LF : Il y a de très belles images, de très belles histoires, et moi, je suis « en mode présent et futur », donc je ne dirai pas « pourquoi » mais « comment ». Comment pouvons-nous avancer ensemble pour mieux valoriser ces athlètes, mieux valoriser le sport para en général ? Comment mobiliser davantage les médias, les fédérations, les collectivités, avec l'objectif de permettre aux personnes en situation de handicap de pratiquer, pour leur santé, leur plaisir et pour la performance. Et, surtout, pour l'inclusion. Aujourd'hui, forte de ce que j'ai vu et entendu depuis trois jours, du temps passé à échanger, je repars avec des réponses qui nous confortent sur notre positionnement et notre politique sportive de demain en faveur des personnes handicapées.
H.fr : Vous avez la réputation d'être une ministre très investie dans ce domaine...
LF : Cela fait vingt ans que je donne de la voix pour encourager leur pratique sportive. Lorsque j'étais escrimeuse de haut niveau, je me suis entrainée en fauteuil pour aller chercher l'excellence aux côtés de mes coéquipiers de l'équipe de France paralympique. Et, pendant ma grossesse, j'ai continué à m'entraîner dans un fauteuil pour ne pas perdre ; je l'utilisais comme un outil de performance. Il y a trois ans, j'ai créé un club d'escrime à Clichy (92) avec une double entrée, valide et handi, pour permettre à tous de pratiquer en fauteuil. Donc, oui, aujourd'hui, en tant que ministre, forte de ces souvenirs, ces rires, ces clins d'œil, ce monde que j'ai découvert et qui m'a ouvert ses portes -c'est vraiment une grande famille-, mon objectif est de conforter et de développer de manière utile et pragmatique des opportunités pour que tout le monde puisse pratiquer. Dès mon retour, nous allons nous appuyer sur les échanges établis pour structurer notre plan stratégique pour Paris 2024.
H.fr : Vous visez très large car, pour avoir des champions, il faut avant tout des pratiquants ?
LF : En effet. La volonté du gouvernement est d'aller chercher trois millions de pratiquants supplémentaires et nous n'y arriverons qu'en ouvrant notamment les portes aux personnes en situation de handicap. On sensibilisera dès l'école. Notre idée, c'est vraiment d'utiliser le sport comme un outil inclusif.
H.fr : Mais, pour cela, faut-il des moyens supplémentaires ?
LF : Un budget supplémentaire de 1.5 million d'euros en 2018 va être engagé pour la valorisation du paralympisme et le développement de la pratique.
H.fr : En faveur du sport adapté dédié aux personnes avec un handicap mental aussi ?
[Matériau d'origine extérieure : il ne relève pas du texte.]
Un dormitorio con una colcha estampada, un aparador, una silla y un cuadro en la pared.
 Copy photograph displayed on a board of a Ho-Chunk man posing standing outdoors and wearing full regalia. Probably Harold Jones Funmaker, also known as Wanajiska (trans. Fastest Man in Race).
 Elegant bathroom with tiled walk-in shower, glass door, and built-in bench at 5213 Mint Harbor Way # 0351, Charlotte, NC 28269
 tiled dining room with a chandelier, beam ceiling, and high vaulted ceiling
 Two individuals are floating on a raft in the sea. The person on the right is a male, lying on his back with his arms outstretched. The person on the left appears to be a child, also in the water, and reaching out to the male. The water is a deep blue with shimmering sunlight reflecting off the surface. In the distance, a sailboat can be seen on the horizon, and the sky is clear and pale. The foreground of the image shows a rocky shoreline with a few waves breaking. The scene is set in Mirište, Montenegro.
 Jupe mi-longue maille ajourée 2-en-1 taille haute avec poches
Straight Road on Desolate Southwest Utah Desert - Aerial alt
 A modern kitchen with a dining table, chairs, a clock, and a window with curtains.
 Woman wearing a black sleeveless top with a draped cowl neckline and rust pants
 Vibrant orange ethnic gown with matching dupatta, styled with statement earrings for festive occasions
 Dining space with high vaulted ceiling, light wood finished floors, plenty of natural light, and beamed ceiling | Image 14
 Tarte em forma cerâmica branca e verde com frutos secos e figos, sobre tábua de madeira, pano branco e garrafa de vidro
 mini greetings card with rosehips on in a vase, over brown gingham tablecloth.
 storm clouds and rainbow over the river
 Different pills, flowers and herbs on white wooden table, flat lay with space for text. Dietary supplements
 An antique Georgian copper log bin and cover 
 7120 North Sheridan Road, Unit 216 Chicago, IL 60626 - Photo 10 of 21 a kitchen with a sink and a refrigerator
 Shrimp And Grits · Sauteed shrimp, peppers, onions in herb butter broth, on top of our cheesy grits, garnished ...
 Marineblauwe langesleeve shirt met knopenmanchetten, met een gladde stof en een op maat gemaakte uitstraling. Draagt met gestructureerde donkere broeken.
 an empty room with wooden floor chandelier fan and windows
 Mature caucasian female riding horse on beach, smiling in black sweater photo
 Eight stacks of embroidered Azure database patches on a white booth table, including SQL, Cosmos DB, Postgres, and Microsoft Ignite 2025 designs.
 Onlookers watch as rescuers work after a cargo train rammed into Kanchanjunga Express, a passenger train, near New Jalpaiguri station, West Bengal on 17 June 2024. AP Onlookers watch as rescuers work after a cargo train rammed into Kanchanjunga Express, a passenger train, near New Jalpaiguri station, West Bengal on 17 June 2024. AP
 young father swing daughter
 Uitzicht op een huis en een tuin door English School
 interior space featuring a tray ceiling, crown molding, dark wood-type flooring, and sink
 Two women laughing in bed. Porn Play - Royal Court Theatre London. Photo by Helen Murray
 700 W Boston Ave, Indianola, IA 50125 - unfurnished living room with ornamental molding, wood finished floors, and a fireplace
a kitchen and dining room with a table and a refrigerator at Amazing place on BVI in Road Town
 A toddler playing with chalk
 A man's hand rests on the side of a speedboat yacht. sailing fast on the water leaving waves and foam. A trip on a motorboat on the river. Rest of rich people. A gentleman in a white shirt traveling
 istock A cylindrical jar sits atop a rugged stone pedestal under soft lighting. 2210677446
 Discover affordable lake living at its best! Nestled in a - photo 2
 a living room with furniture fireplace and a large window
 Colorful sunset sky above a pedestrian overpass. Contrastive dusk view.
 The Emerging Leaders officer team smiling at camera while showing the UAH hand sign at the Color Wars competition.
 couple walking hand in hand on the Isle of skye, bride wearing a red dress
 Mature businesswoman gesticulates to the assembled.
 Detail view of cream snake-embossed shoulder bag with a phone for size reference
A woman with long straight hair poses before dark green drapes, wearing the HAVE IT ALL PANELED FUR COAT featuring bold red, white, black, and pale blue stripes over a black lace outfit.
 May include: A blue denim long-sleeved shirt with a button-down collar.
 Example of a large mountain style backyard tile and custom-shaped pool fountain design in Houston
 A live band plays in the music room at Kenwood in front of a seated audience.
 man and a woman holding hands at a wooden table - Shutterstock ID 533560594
LF : Oui, bien sûr. Nous allons collaborer avec le CPSF (Comité paralympique et sportif français) et les fédérations pour développer une stratégie pour mieux détecter, mieux informer, mieux accompagner, en impliquant tous les acteurs de terrain. Aujourd'hui, nous travaillons déjà dans ce sens mais allons mobiliser de nouveaux acteurs pour avoir une France qui rayonne à travers l'olympisme et le paralympisme.
H.fr : Votre carte de visite est en braille. Plus qu'un symbole ?
LF : Tout à fait. C'est une demande que j'ai faite dès mon arrivée. Parce que je suis la ministre de tous les sportifs.
H.fr : Vous êtes la seule ministre à avoir pris cette initiative ?
LF : Je ne sais pas mais, en l'occurrence, j'invite tous les autres à faire de même.